The number of new Coronavirus infections in the UK hit a near two-month high Friday as British regulators authorised the use of the single-dose vaccine from Johnson & Johnson.
The latest authorisation, which takes the number of vaccines in the UK's armoury to four, comes amid growing speculation that the new variant of the virus first identified in India may prompt the British government to delay its next planned easing of lockdown restrictions in England.
Government figures showed that another 4,182 new confirmed cases were reported across the UK, the highest daily figure since April 1. The cases bring the total number of confirmed infections reported over the past seven days to 20,765, a 24% increase from the previous week. The rise prompted scientists to say the UK is now in the midst of a third wave of the pandemic.
The number of cases remains well below the daily high of nearly 70,000 recorded in mid-January, during the peak of the second wave, but but the upward trend has raised questions about the UK government's plan to lift all remaining social restrictions on June 21. The government, which has lifted restrictions in stages and allowed pubs and restaurants to resume indoor service last week, has said it will make a decision on the next planned easing on June 14.
The variant identified in India is believed to be responsible for up to 75% of new cases in the UK and more transmissible than the previously dominant strain of the virus.
Critics argue that the Conservative government is to blame for the variant's seeding in the UK. They say officials acted too slowly to impose the strictest quarantine requirements on everyone arriving from India, which is in the midst of a catastrophic resurgence of the virus.
Many scientists say the increase in cases is no surprise but that the rapid rollout of vaccines will provide a firewall in a country that has seen Europe's highest virus-related death toll at more than 127,500. While the most vulnerable people should have vaccine protection, there are worries the virus could spread widely among younger adults.
As of Friday, 58% of the British population has received at least one vaccine dose and around 35% have gotten two shots.

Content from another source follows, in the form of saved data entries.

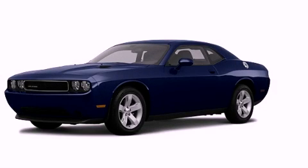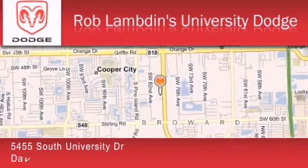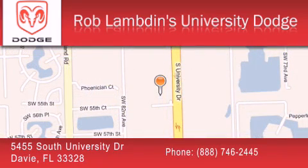Contact us today and schedule your opportunity to see this vehicle in person. Rob Lambden's University Dodge is located at 5455 South University Drive in Davie. Our goal is to exceed all of your expectations to ensure that you'll return for future visits.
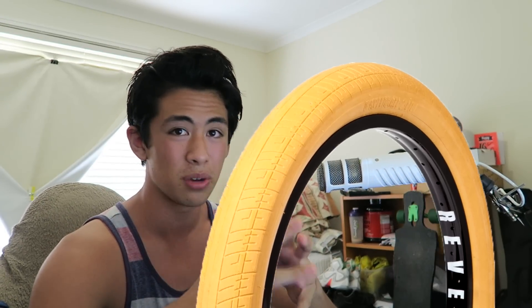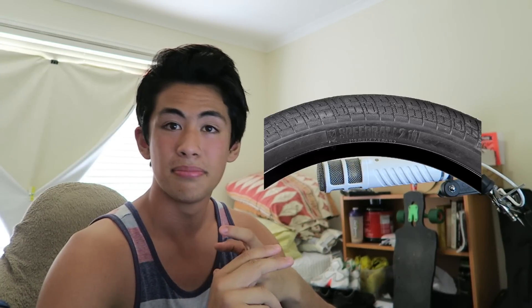So at number three we've got the S&M Speedball tyre. It either comes in a 2.1 or a 2.4 — there's no in between, those are the only sizes they come in. In the 2.1 it's 1.25 pounds and in the 2.4 it's 1.65 pounds. You can only get them in gum — there's not much choice there. They come in at roughly $30. They're a great tyre if you want to do grinds because the sidewall is relatively thick.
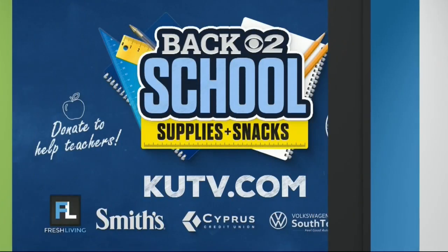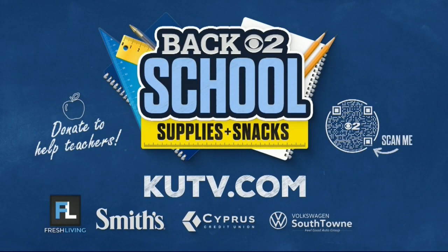Can you explain how people can donate school supplies and snacks through Volkswagen Southtown? What types of items are you accepting? We're taking pretty much anything you would need in a classroom setting, but some of the most important things: notebooks, highlighters, markers, non-perishable food items — the list goes on and on. We do have donation boxes at the dealership that you can stop in and drop off donations. Or you can go to your website or ours and find other ways to donate online.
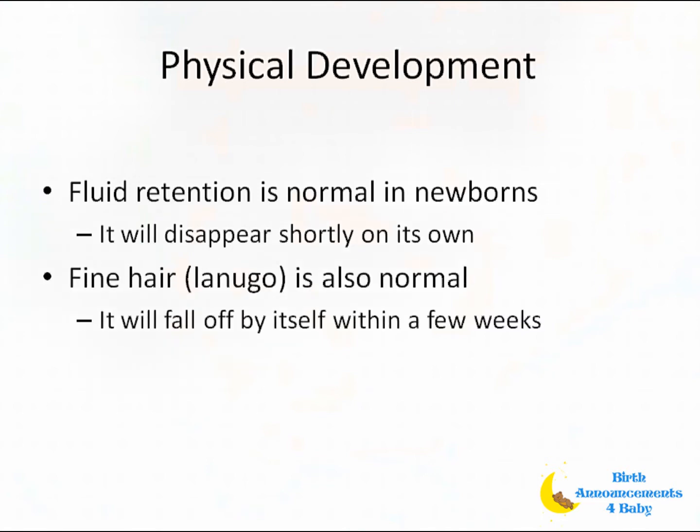Many infants have fine hair covering their bodies, especially their back and their forehead. Don't worry — this will fall off by itself within the first few weeks.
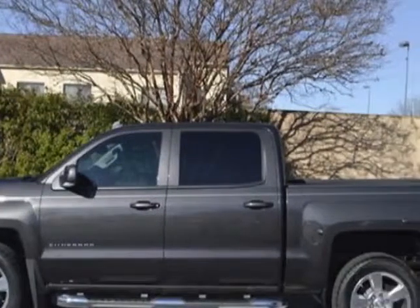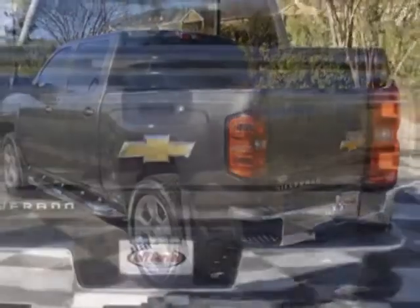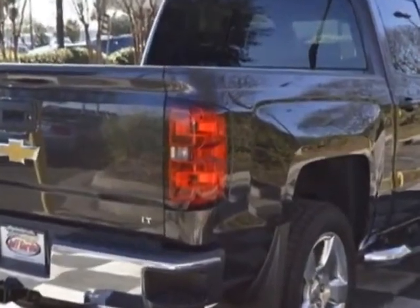This Silverado 1500 boasts a 4.3 liter engine and has a 6-speed automatic transmission. Another great feature is that this vehicle uses flex fuel. Additional options for this vehicle include the GVWR,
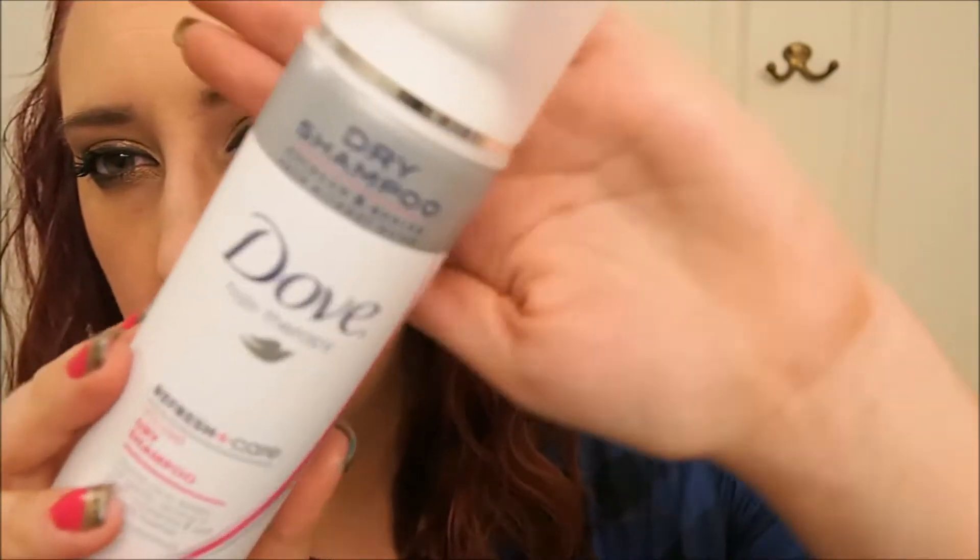From Rite Aid, I got some new dry shampoo. I got the Dove — I hear this one smells really, really good. Those were two for seven dollars, so that was a good deal. I got two of those.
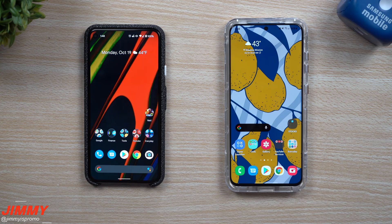Hey everybody, welcome back to Jimmy's Promo. Today we'll be talking about the six best brand new features that are part of Android 11. We have two phones in front of us: the brand new Google Pixel 5 as well as the Galaxy S20, both running Android 11. I wanted to show you both phones just to show you where all of these settings are located.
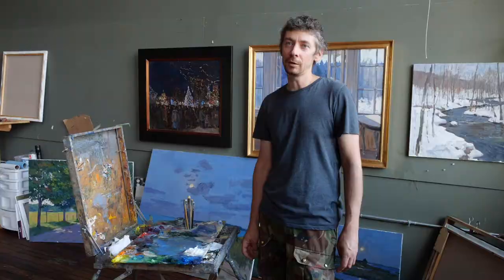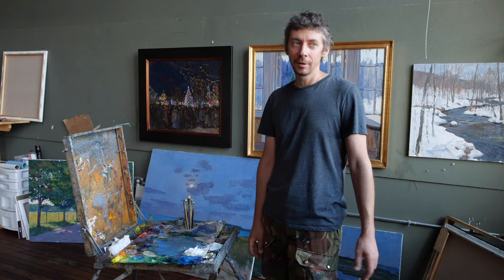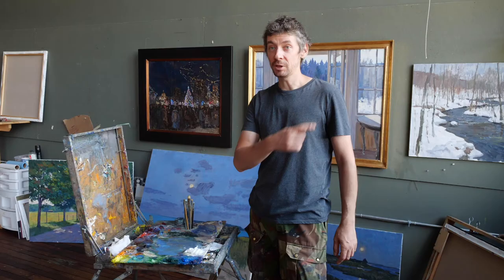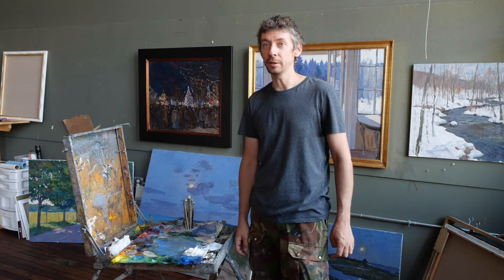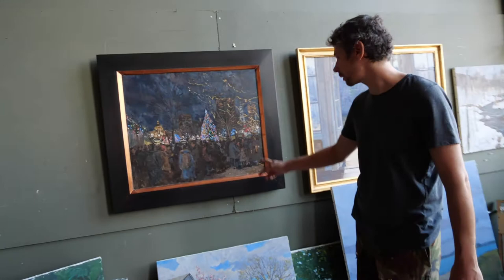I tried to go to Russia to see my family, but the border was locked. So I stayed here and painted around Waltham. I found a nice place at the old cemetery and painted there. People told me it's one of my best paintings recently.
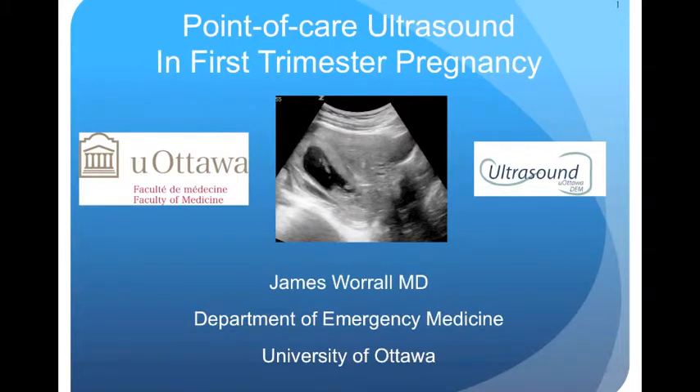I'm James Worrell from the Department of Emergency Medicine at the University of Ottawa, and today I'm going to give you a brief introduction to point-of-care ultrasound in first trimester pregnancy.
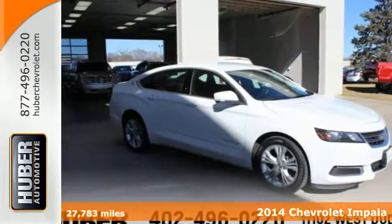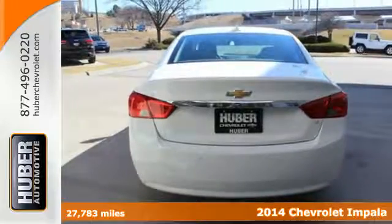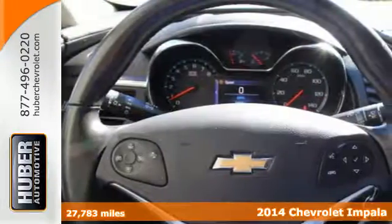Here's a 2014 Chevrolet Impala. Getting yourself from here to there is the goal. This Impala makes achieving it a little more fun.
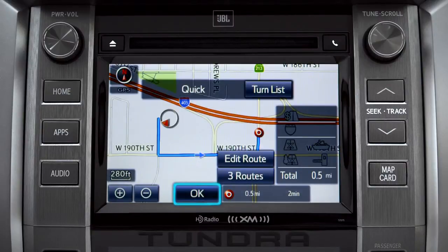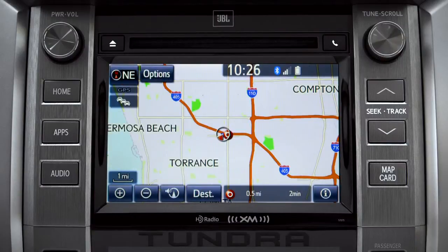Tap OK to begin turn-by-turn directions. Please proceed to the highlighted route, then the route guidance will start.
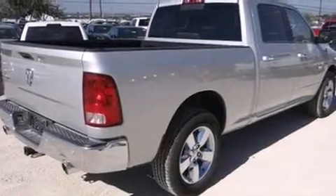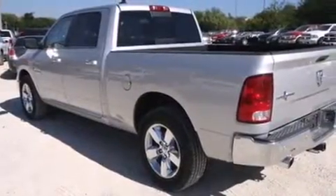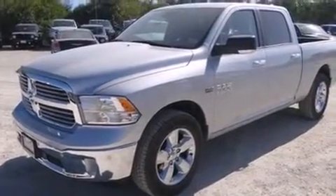Step into the 2014 Ram 1500. This four-door, five-passenger truck will allow you to take command of the road with confidence. Smooth gear shifts are achieved thanks to the powerful eight-cylinder engine. And for added security, Dynamic Stability Control supplements the drivetrain.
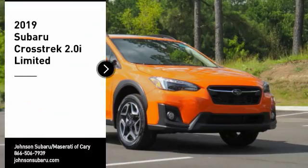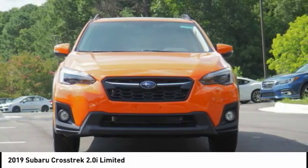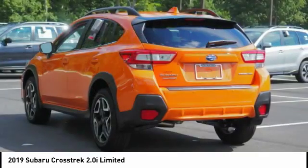Looking for the right vehicle? Check out the 2019 Crosstrek. This all-new four-wheel drive crossover by Subaru fills that spot for a vehicle with true outdoor capabilities, which is comfortably home driving to soccer practice too.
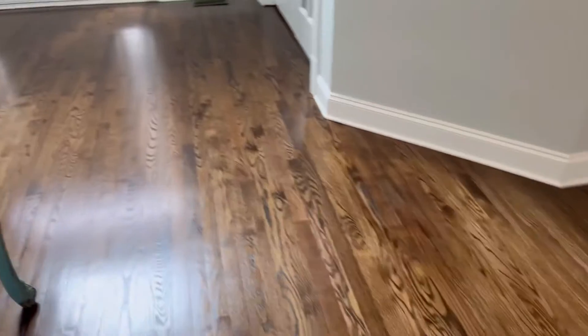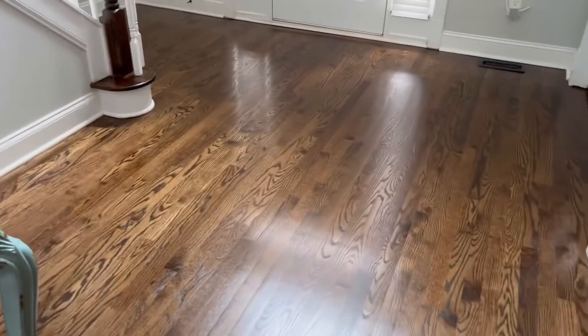We won't be able to show that because we're gonna lay it and then leave. But these floors came out amazing. Once again, as always, thanks for watching.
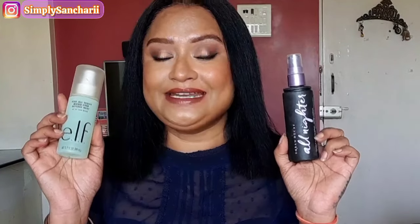The first one is Urban Decay All Nighter and the exact dupe for this is ELF Stay All Night Micro Fine Setting Mist. This gives you 16 hours of wear, it is fragrance free, very light on the skin, and gives you a natural finish. Urban Decay All Nighter gives you more than 16 hours of long-lasting makeup. These both are exact dupes to each other. If you cannot invest in Urban Decay, you should invest in the ELF one — it is very affordable, pocket friendly, and easily available on Nykaa.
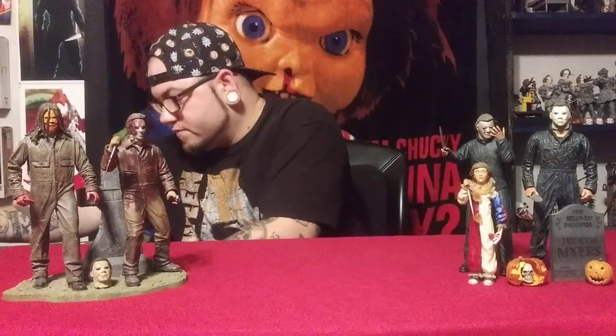Hey there, welcome back all you horror movie and action figure aficionados to another great episode of Hell House Horror Collection Presents. I've been really on a Halloween kick lately. I've been watching the teaser over and over for Halloween Kills and just went back and re-watched the 2019 Halloween. I loved it — amazing. So let's get into these figures and let me show you what they have, what they come with, and aspects of the film that I thought were really good.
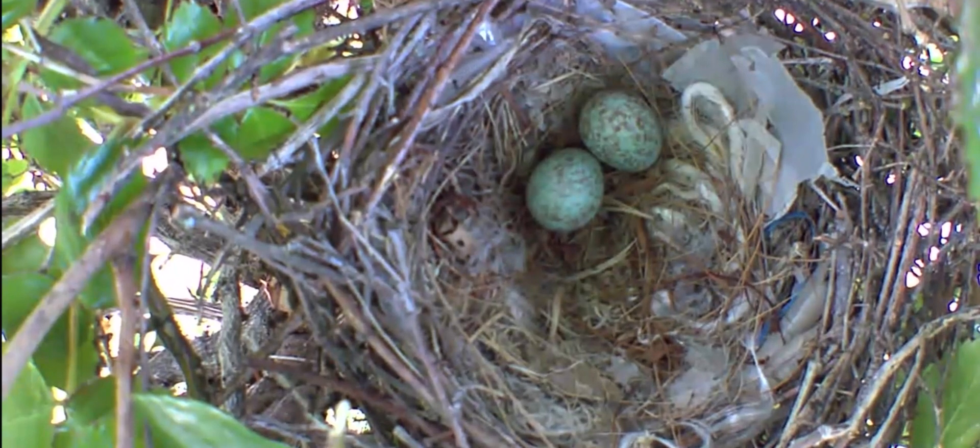If you really like this, don't forget to hit the subscribe button and like button to see the babies hatching, and don't forget to tell me what bird it is in the comments.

The UK vaccination programme started with the oldest age groups and aims to have offered a jab to all adults by the end of July.
It seems almost certain that we will face a third episode of rising COVID-19 infections," said James Naismith, a professor of structural biology at the University of Oxford. It seems likely that the Indian variant will mostly confine itself to the unvaccinated younger population. It is much less likely to cause serious disease in this group. However, less likely is not the same as zero. With large enough numbers of infections, appreciable numbers will get seriously ill.